Word makes its way around the train quickly that I am an American volunteering at the Olympics.
As the train reboards (note the elk), I’m approached by one of the two people who were speaking Spanish earlier in the afternoon in the observation car. He asks me about my visa situation and trying to work at the Olympics as well – we make plans to talk after the train has boarded.
Traveling with Nathalie, his Colombian girlfriend, the two have come from New York City via Toronto. He just graduated from NYU – he had been giving tours on bike of the city to tourists. She works in human rights advocacy – studying the impacts the drug trade has on women refugees in neighboring countries to her own Colombia.
It is also my first experience with Australians who aren’t just “Australians,” – it was time to start working on my geography, after all. One is from Perth, two are from Brisbane.
J.R and Ray, I finally record their names – the conductors aboard the #1, The Canadian.
The first freight train in a while, there seems to be a relationship between the amount of freight trains and the conversation level people in the economy class have. Talking with other people is nice – a young batch got on in Jasper, most are Australians traveling from Australia to Vancouver to Banff, then to Jasper, then back to Vancouver, then to South America; the Aussies travel in funny ways.

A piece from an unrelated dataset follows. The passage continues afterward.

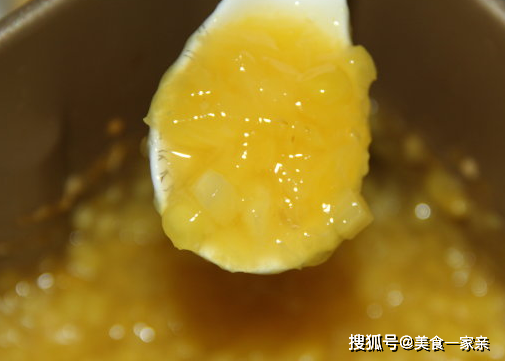 果酱大家应该都不陌生吧,不过大家平时都是吃草莓酱,芒果酱和橘子酱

I come up with a tentative title for my novel (The Lab: Inside America’s Knowledge Production Factories) on the train as I finished coding it today and I am extremely pleased…We’re headed towards Kamloops, BC.
When we arrive for a short break, lights shimmer on the hillside, it is beautiful, I’m reminded of Duluth for the first time. Moving on, it turned dark and mysterious as we’re heading into the BC interior – no idea where we’re at, truly.
I think finally, now, I don’t know really, the whole thing of the train is finally realizing itself for me.
To meet these people; I become such fast friends with them.
Louis and Nathalie, I share some salami and whatever meager things I have in my carry-on with them; they pour me a gourd of herba mate at nine pm, telling me not to expect to sleep anytime soon, I experience mild euphoria, finding a brief window of heightened focus of the texture of my hand but then it is gone.
We’re sitting in the lounge, below the observation car. It is a party; we’re all train friends now. Sharing music, food, experience, plans, stories, philosophy until bedtime.